High-resolution mapping of spatial heterogeneity in ice wedge polygon geomorphology near Prudhoe Bay, Alaska

Charles J. Abolt and Michael H. Young

Nature Scientific Data, v. 7, no. 87 https://doi.org/10.1038/s41597-020-0423-9

High-resolution mapping of spatial heterogeneity in ice wedge polygon geomorphology near Prudhoe Bay, Alaska
Study Summary

Small-scale changes in ground surface (known as microtopography) associated with ice wedge polygons drives pronounced, meter-scale spatial gradients in hydrologic and ecological processes on the tundra. However, high-resolution maps of polygonal geomorphology are rarely available, due to the complexity and subtlety of ice wedge polygon relief at landscape scales. Here we present a sub-meter-resolution map of more than 1 million discrete ice wedge polygons across an approximately 1,200 km2 landscape, delineated within a lidar-derived digital elevation model. The delineation procedure relies on a convolutional neural network paired with a set of common image-processing operations and permits explicit measurement of relative elevation at the center of each ice wedge polygon. The resulting map visualizes meter- to kilometer-scale spatial gradients in extensive polygonal geomorphology across a landscape with unprecedented detail. This high-resolution inventory of polygonal geomorphology, which is freely downloadable with the metadata and algorithms, provides rich spatial context for extrapolating observations of environmental processes across this landscape. The map also represents a comprehensive baseline data set for quantifying contemporary land surface deformation (i.e., thermokarst) at the survey area through future topographic surveys.
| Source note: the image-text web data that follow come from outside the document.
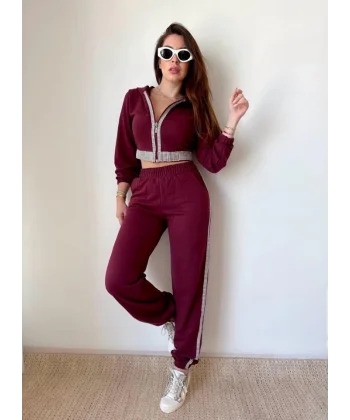 Kadın Üç İplik Şardonsuz Kumaş Taş Detaylı Eşofman Takımı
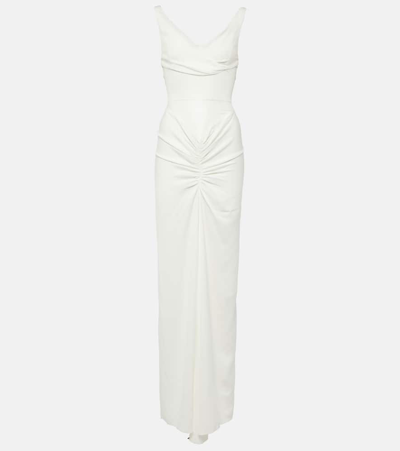 Christopher Esber Fusion Fold Knit-detailed Ruched-crepe Maxi Dress In White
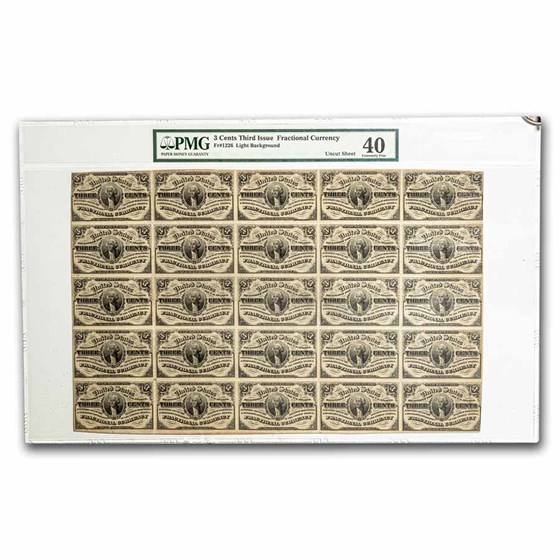 3rd Issue Fractional Currency 3¢ XF-40 PMG (Fr#1226) 25 Uncut 3rd Issue Fractional Currency 3¢ XF-40 PMG (Fr#1226) 25 Uncut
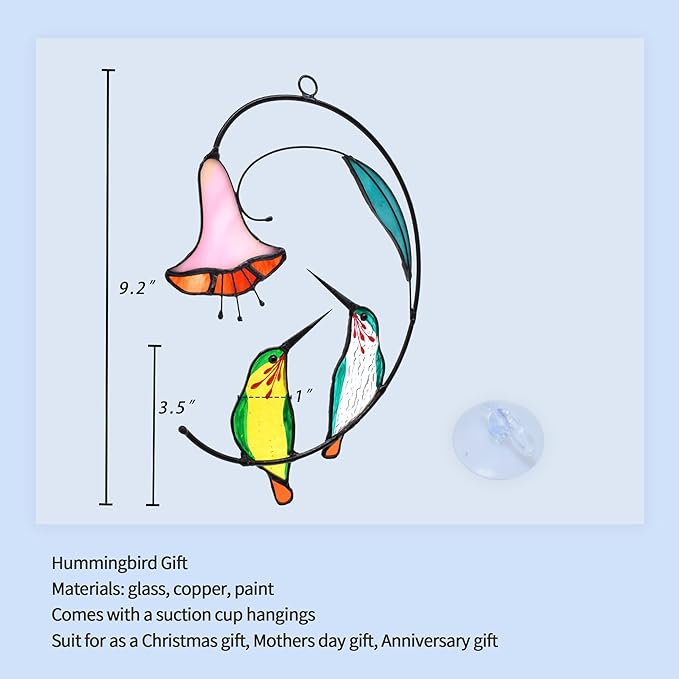 Lolitarcrafts Hummingbird with Flower Stained Glass Suncatcher Bird Stained Glass Window Hangings Hummingbird Gift for Home Decor (Green 1 Pair)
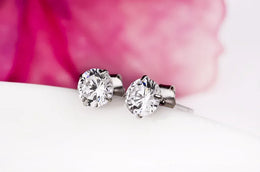 KissICON Crystal Zircon Real 925 Sterling Silver Earrings Channel  Cubic Zirconia Silver Stud Earrings for Women Sterling Silver Jewelry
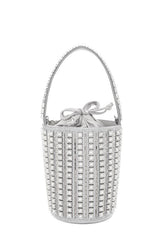 Rhinestone Cylinder Shaped Bucket bag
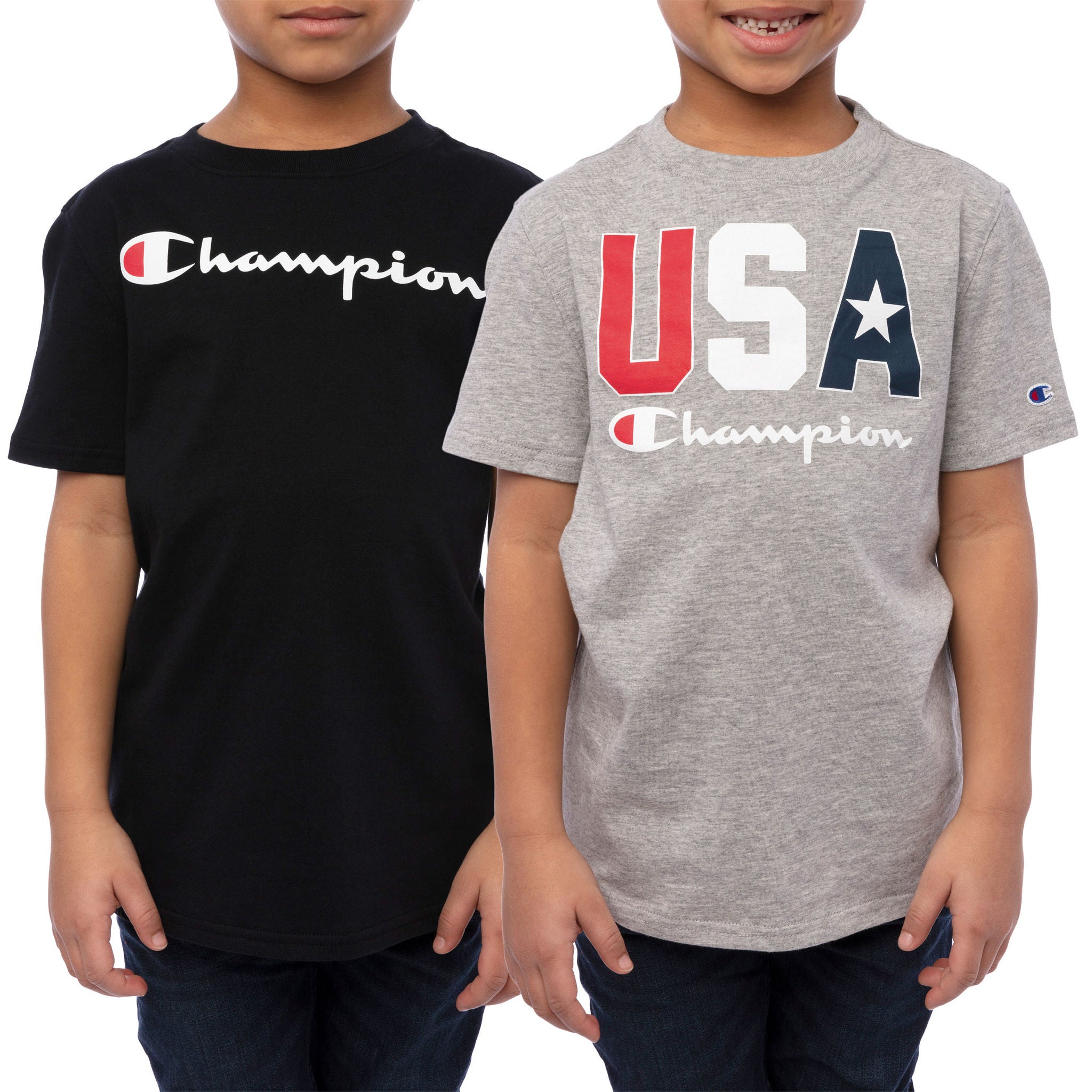 Champion Youth 2-pack Short Sleeve Tee, Black and Gray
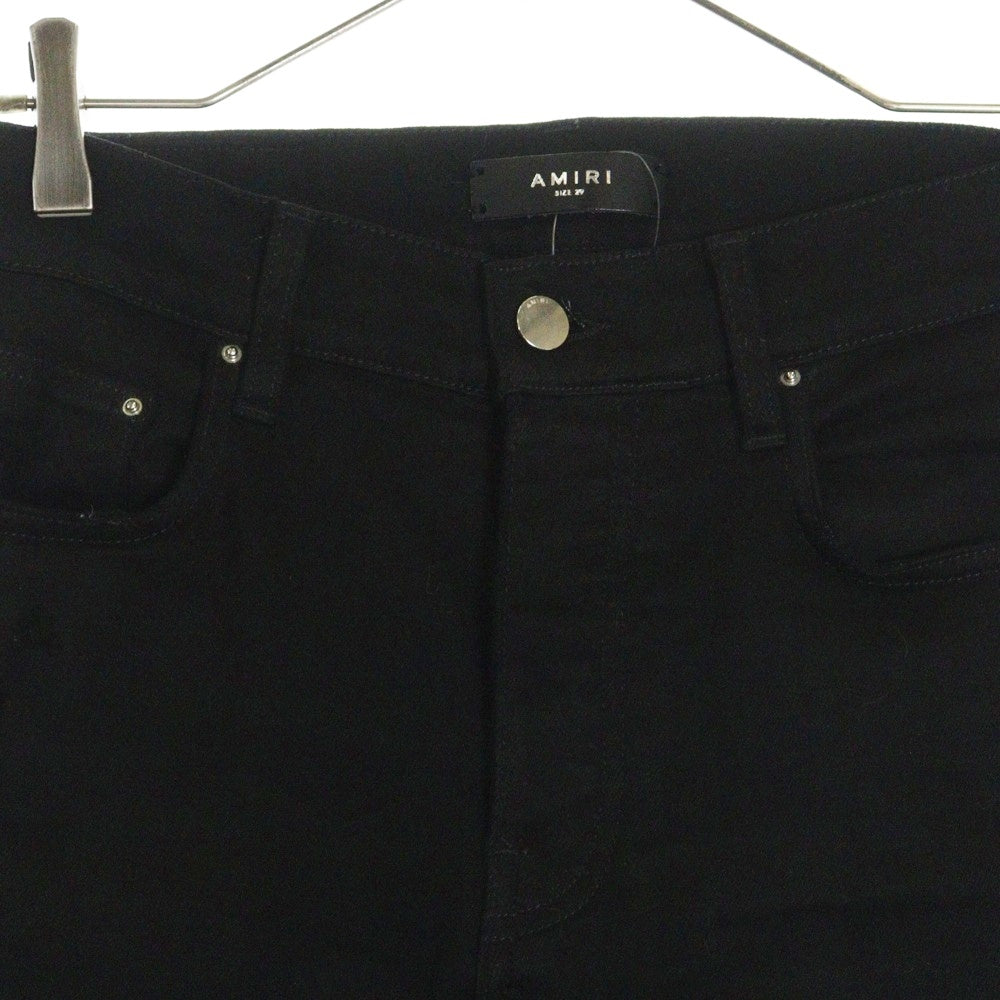 AMIRI(アミリ) MX‐1 クラッシュ加工 ストレッチスキニーボタンフライデニムパンツ ブラック SR1PXMD001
Why is this research important and why do the results matter?
  • Ice wedge polygons are approximately 30 m in diameter, hydrologically disconnected, and are potential sites emitting methane and carbon dioxide (CO2).
  • Automatically identifying these subtle landscape features is providing us the opportunity to quickly and accurately assess regional landscape status. The general shape of these features influences the types of carbon emissions (e.g., methane or CO2).
  • These results are vital for understanding how landscapes in the Arctic tundra are changing or may change as the regional climate warms and how to incorporate the findings into regional models.